NAME

SuffixTree - Efficient string manipulation data structure interface for Perl.

SYNOPSIS

use SuffixTree;

my $str = "mississippi";
my $tree=create_tree($str);
print_tree($tree);
my $position = find_substring($tree, "ssis");

printf("\nPosition of ssis in mississippi is %ld.\n\n", $position);

delete_tree($tree); # NOTICE: this method will soon become deprecated 

DEPRECATED SYNOPSIS

use SuffixTree;

my $str = "mississippi";
my $tree=ST_CreateTree($str, length($str));
ST_PrintTree($tree);
my $position = ST_FindSubstring($tree, "ssis", 4);

printf("\nPosition of ssis in mississippi is %ld.\n\n", $position);

ST_DeleteTree($tree);

DESCRIPTION

The intention of this project is to provide an open-source implementation for an efficient data structure for strings manipulation - the Suffix Tree.

The code was written with as much consistency with the theoretical algorithm as possible (see references). It provides a set of interface functions for creating and searching the tree.

The suffix tree is implemented in ANSI-C. The code is written based on the original algorithm by E.Ukkonen. This is the Perl interface for the underlying ANSI-C implementation.

FUNCTIONS

All functions are exported by default. Please note that all these interface functions were automatically extracted from the ANSI-C header file, so they might not behave as Perlish as you'd expect them to. This is something we will definitly address in the future.

$tree = create_tree($string)

Allocates memory for the tree and starts Ukkonen's construction algorithm. Parameters: A string. Returns a reference to the tree.

$position = find_substring($tree, $substring)

Searches for a string in the tree. It traverses the tree down starting its root like in a regular trie. Parameters: the tree to search in, a substring to look for. Returns the 1-based position it was found in the source string or 0 if string is not in the tree.

Prints the tree. Parameters: the tree to print.

delete_tree($tree)

Deletes a suffix tree. Parameters: the tree to delete. Returns : void.

DEPRECATED FUNCTIONS

All functions are exported by default. Please note that all these interface functions were automatically extracted from the ANSI-C header file, so they might not behave as Perlish as you'd expect them to. This is something we will try to address in the future.

$tree = ST_CreateTree($string, length($string))

Allocates memory for the tree and starts Ukkonen's construction algorithm. Parameters: A string, length of the string. Returns a reference to the tree.

$position = ST_FindSubstring($tree, $substring, length($substring))

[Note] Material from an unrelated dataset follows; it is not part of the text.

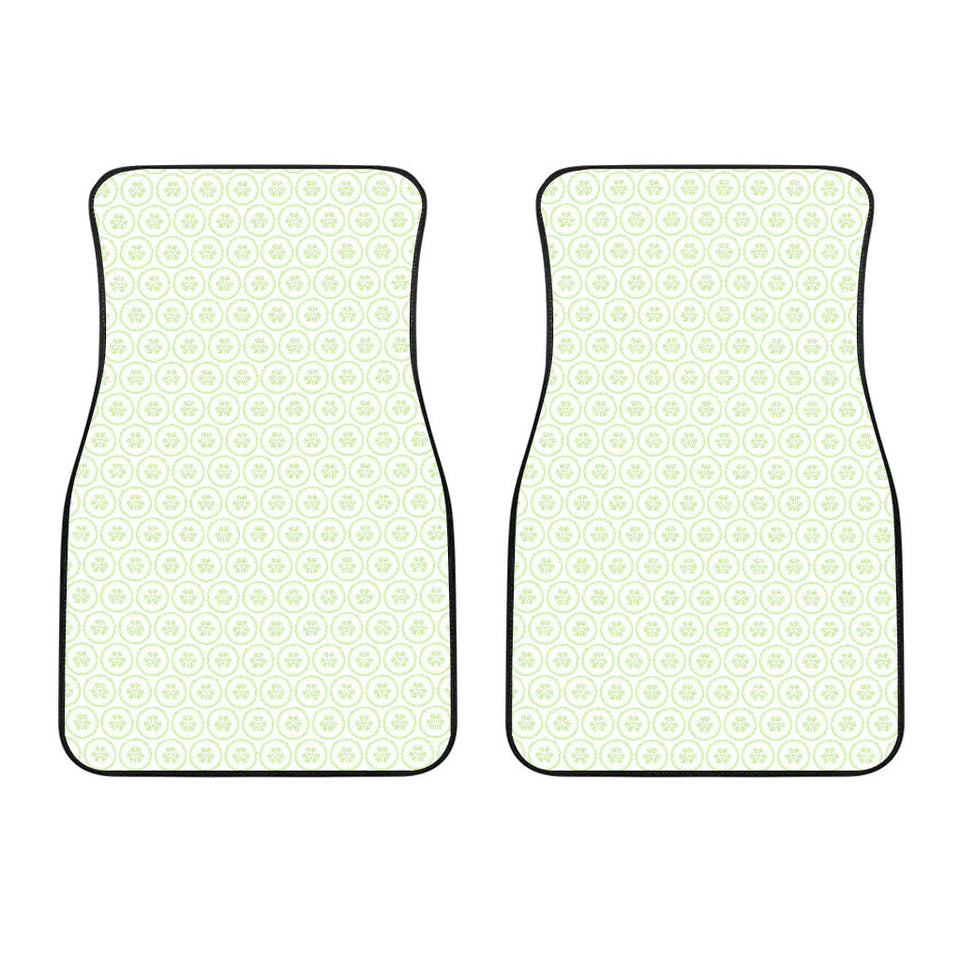 Cucumber Pattern Background Front Car Mats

Searches for a string in the tree. It traverses the tree down starting its root like in a regular trie. Parameters: the tree to search in, a substring to look for, length of substring. Returns the 1-based position it was found in the source string or 0 if string is not in the tree.

ST_PrintTree($tree)

Prints the tree. Parameters: the tree to print.

ST_DeleteTree($tree)

Deletes a suffix tree. Parameters: the tree to delete. Returns : void.

BUGS

This Perl interface was mostly built automatically (using SWIG). Little to no attention was given to testing. In future relases of this Perl Module (along with its underlying ANSI-C implementation) we hope to fix all problems that might currenly interfere with successful usage of this module. Please send bug reports to the current maintainer(s) of this module.

FUTURE WORK

[1] A better Perl-ish interface

[2] Building tests for this module (for the `make test` part of the installation)

[3] Object Oriented like usage

PORTABILITY

Please read the README file for information.

SEE ALSO

L<https://github.com/daoswald/SuffixTree.git> - This module's Github
repository.

L<http://en.wikipedia.org/wiki/Suffix_tree> - Wikipedia's Suffix Tree
explanation.

AUTHOR

Shlomo Yona <yona@cs.technion.ac.il> is the original author.

David Oswald <davido@cpan.org> is the current maintainer.

THANKS TO

Offer Kaye for useful ideas and support.

COPYRIGHT

Copyright (c) 2002, 2003, 2012 Shlomo Yona. All rights reserved.

This library is free software. You can redistribute it and/or modify it under the same terms as Perl itself.